What is the best practice for solving this kind of problems in the "Maven way"?
The Maven general rule is "one primary artifact per POM" for the sake of modularity and the reasons one shouldn't break this convention (in general) are very well explained in the How to Create Two JARs from One Project (...and why you shouldn’t) blog post. There are however justified exceptions (for example an EJB project producing an EJB JAR and a client EJB JAR with only interfaces). Having said that:
The mentioned blog post (also check Using Maven When You Can't Use the Conventions) explains how you could implement Option 1 using separate profiles or the JAR plugin. If you decide to implement this solution, keep in mind that this should be an exception and that it might make dependency management trickier (and, as you mentioned, pollute the project with "client filtering logic"). Just in case, I would use several JAR plugin executions here.
Option 2 isn't very different from Option 1 IMO (except that it separate things): basically, having N other wrapping/filtering projects is very similar with having N filtering rules in one project. And if filtering makes sense, I prefer Option 1.
I don't like Option 3 at all because I think it shouldn't be the responsibility of a client of a library to "trim out" unwanted things. First, a client project doesn't necessarily have the required knowledge (what to trim) and, second, this might create a big mess with other plugins.

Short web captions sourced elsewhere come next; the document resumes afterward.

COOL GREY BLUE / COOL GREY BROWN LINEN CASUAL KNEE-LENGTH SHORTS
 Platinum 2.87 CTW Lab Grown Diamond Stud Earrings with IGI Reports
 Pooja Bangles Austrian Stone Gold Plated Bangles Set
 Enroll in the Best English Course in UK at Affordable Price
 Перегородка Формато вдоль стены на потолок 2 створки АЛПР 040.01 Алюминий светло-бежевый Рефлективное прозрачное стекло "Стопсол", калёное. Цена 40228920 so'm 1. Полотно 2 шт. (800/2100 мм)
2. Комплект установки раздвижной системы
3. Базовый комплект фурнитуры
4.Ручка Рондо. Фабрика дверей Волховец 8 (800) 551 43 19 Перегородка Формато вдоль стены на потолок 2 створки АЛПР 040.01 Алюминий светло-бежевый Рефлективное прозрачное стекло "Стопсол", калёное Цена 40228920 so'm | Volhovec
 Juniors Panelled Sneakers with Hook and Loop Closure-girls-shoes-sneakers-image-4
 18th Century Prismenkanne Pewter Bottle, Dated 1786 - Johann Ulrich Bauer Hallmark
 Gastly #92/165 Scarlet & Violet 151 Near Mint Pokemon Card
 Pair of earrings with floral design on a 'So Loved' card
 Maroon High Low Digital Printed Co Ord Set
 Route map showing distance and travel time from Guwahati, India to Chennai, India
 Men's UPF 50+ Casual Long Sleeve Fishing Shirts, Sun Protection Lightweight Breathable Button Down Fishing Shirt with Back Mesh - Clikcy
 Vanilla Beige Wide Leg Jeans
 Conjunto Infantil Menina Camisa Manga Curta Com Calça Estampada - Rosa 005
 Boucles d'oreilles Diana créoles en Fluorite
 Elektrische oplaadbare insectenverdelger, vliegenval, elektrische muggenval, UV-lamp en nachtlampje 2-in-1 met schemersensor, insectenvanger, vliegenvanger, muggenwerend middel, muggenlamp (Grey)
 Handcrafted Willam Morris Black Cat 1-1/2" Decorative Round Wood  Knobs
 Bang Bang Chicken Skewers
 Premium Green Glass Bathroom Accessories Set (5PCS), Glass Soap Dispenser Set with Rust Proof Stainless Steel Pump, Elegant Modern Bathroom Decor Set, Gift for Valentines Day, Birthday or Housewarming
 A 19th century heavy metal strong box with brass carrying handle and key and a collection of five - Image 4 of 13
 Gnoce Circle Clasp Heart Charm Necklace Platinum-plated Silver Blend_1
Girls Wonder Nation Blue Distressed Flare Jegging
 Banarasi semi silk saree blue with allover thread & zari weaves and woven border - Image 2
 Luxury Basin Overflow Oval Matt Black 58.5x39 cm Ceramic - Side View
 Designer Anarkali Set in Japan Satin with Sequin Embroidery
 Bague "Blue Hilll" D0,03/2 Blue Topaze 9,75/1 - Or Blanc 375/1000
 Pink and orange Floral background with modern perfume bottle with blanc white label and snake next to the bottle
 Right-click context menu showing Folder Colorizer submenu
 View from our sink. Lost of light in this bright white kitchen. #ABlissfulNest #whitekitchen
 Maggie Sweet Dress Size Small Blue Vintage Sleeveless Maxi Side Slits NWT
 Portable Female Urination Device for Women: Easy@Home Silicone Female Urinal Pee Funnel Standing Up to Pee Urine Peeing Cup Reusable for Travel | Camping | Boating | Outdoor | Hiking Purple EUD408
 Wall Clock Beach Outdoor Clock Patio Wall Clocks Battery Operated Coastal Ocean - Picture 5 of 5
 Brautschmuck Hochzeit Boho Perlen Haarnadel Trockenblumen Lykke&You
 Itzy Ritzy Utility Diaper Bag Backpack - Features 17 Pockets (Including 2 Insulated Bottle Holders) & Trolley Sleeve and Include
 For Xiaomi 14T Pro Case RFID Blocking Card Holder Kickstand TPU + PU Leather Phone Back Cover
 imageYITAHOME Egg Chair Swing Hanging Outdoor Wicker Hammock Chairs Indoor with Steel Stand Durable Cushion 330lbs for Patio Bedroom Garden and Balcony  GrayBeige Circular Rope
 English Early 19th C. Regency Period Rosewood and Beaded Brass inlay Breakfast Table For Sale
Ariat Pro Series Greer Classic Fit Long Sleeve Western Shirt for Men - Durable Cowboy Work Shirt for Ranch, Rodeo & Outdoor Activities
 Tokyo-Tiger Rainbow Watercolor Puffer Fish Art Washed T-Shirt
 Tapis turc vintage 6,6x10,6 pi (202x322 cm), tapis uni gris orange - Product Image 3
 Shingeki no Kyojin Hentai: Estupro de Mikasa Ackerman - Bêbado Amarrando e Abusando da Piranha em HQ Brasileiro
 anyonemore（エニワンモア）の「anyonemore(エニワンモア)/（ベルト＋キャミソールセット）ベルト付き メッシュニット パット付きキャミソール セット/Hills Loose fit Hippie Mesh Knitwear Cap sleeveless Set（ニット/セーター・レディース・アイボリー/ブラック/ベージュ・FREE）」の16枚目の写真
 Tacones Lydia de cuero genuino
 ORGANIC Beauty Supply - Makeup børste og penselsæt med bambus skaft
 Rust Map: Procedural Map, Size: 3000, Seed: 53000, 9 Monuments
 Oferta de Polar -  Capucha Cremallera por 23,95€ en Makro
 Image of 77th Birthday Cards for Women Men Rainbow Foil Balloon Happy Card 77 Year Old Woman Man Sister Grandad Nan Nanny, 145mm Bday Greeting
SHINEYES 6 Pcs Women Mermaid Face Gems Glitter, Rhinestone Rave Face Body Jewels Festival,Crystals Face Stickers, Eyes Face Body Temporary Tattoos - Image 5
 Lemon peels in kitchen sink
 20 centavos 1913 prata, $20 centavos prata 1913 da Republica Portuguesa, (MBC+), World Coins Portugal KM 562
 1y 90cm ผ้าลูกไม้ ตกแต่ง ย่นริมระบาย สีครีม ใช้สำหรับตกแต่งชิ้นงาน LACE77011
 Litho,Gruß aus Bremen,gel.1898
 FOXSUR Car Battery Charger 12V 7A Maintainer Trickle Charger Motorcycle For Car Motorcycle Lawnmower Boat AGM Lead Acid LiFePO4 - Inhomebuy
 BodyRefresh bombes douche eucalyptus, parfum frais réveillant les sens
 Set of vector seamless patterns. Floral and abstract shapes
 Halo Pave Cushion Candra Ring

BUT if the fat clients are not using the whole my-lib (like server-side code would require the whole EJB JAR), then filtering isn't the right "maven way" to handle your situation. The right way would be Option 4: put everything common in a project (producing my-lib-core-1.0.jar) and specific parts in specific projects (that will produce my-lib-pda-1.0.jar etc). Clients would then depend on the core artifact and specialized ones.